→ ASSIGNMENT
Copy out exactly the lines from the one containing "3-к. квартира, 90 м, 5/5 эт. - Фото 1" to the end of the records below, both included, and nothing else.

→ INPUT FOR THIS TASK
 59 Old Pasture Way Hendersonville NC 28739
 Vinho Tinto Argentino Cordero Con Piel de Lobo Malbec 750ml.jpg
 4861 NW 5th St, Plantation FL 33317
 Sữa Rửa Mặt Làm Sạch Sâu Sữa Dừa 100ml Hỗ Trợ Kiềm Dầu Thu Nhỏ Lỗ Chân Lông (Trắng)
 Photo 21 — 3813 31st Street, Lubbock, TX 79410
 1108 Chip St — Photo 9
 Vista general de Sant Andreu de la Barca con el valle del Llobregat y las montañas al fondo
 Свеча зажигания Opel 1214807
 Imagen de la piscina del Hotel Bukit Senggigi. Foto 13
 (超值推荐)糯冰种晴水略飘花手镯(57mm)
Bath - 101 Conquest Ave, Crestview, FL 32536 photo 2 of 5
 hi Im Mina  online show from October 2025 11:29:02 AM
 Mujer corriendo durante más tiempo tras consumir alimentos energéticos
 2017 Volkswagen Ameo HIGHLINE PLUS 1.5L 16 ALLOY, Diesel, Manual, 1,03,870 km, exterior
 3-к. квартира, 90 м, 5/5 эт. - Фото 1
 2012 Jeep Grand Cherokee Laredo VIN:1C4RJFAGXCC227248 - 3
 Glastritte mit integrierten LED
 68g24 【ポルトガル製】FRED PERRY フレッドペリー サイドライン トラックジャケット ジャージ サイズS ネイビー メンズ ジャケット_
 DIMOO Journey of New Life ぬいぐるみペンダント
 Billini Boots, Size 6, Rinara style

→ OUTPUT BELOW
 3-к. квартира, 90 м, 5/5 эт. - Фото 1
 2012 Jeep Grand Cherokee Laredo VIN:1C4RJFAGXCC227248 - 3
 Glastritte mit integrierten LED
 68g24 【ポルトガル製】FRED PERRY フレッドペリー サイドライン トラックジャケット ジャージ サイズS ネイビー メンズ ジャケット_
 DIMOO Journey of New Life ぬいぐるみペンダント
 Billini Boots, Size 6, Rinara style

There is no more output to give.